The eager attribute should only be used for modules which provide no
exciting user functionality in and of themselves: they only bridge
together other modules. This way there is no reason why a user would
want the module off. If you have form and i18n enabled, why would you
want to turn off form+i18n? It is an implementation detail that it is
even a separate module at all.
For modules like "XML tree editing" etc. that provide noticeable and
optional functionality on top of e.g. "XML core", these should not be
marked eager. The user should decide whether it is to be turned on or off.
I tried to say, that 'Enabled' property must not be read-only. And
when this property is not read-only, this could be used for common
- All modules are on.
- User will disable XML Core and then XML Tree, XML Text and XML
Tools are also disabled, because of they depend on XML Core.
- Now, when I enable XML Core, then XML Tree, XML Text and XML Tools
will be automatically enabled, because they was previously disabled by
module, not by user.
- XML Core and XML Text and enabled; XML Tree and XML Tools are
- User will disable XML Core and then XML Text is also disabled,
because of it depends on XML Core.
- Now, when I enable XML Core, then XML Text will be automatically
enabled, because it was previously disabled by module, not by user.
And XML Tree and XML Tools stay disabled, because it was previously
disabled by user.
I think that implementation could not be hard - probably one new
property, which describes who disabled module - user or failed module
When I am thinking about it, my table was not really correct.
Read-only Enabled property is not good thing, because I would not be
able to enabled XML Tools (when XML Core disabled) - so current state
(XML Core is enabled because of XML Tools depend on it) is good.
What you are asking for is definitely a different thing than bridge
modules.

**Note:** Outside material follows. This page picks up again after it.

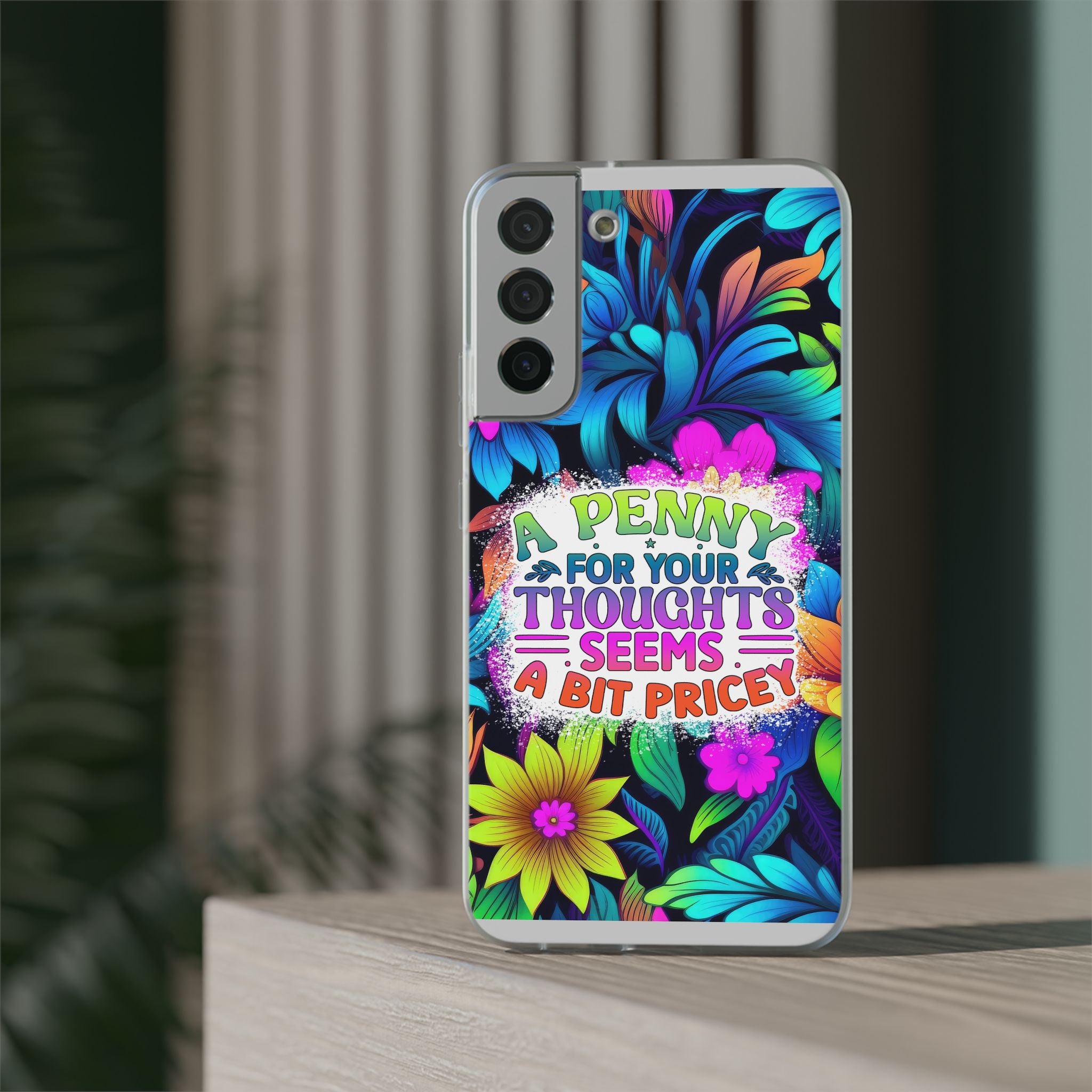 Personalized Colorful Floral Flexi Case - 'A Penny For Your Thoughts Seems A Bit Pricey'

Please open a separate RFE, I will try to implement it, but I
don't have time for it now (in the current branch). I do not suggest
bridge modules be used for the XML modules except for XML Text. It
makes no sense for XML Tree or XML Tools, for example.
Your suggestion makes more sense now; it is a job for a higher UI
layer than the module system per se, more for the Modules node: if
disabling A prompted the user in a dialog to also disable B since B
depends on A, then if later on A is enabled via the module node, the
user will be prompted to also enable B (if B still exists). Nothing of
the sort will happen if the enablement is controlled by other means,
for example session switching, etc.
Of course, an alternate approach is to display just the module
category by default in the Modules node, so that novice users will
just enable/disable "XML" (meaning a cluster of modules), whereas more
advanced users could choose to turn on only the core but not tools.
This convinces me that the approach for what you are describing is
more of a UI concern, and should probably get nbui involved.
Issue 17776 has been deprecated in favor of issue 18781
Work complete in branch incl. tests, pending merge.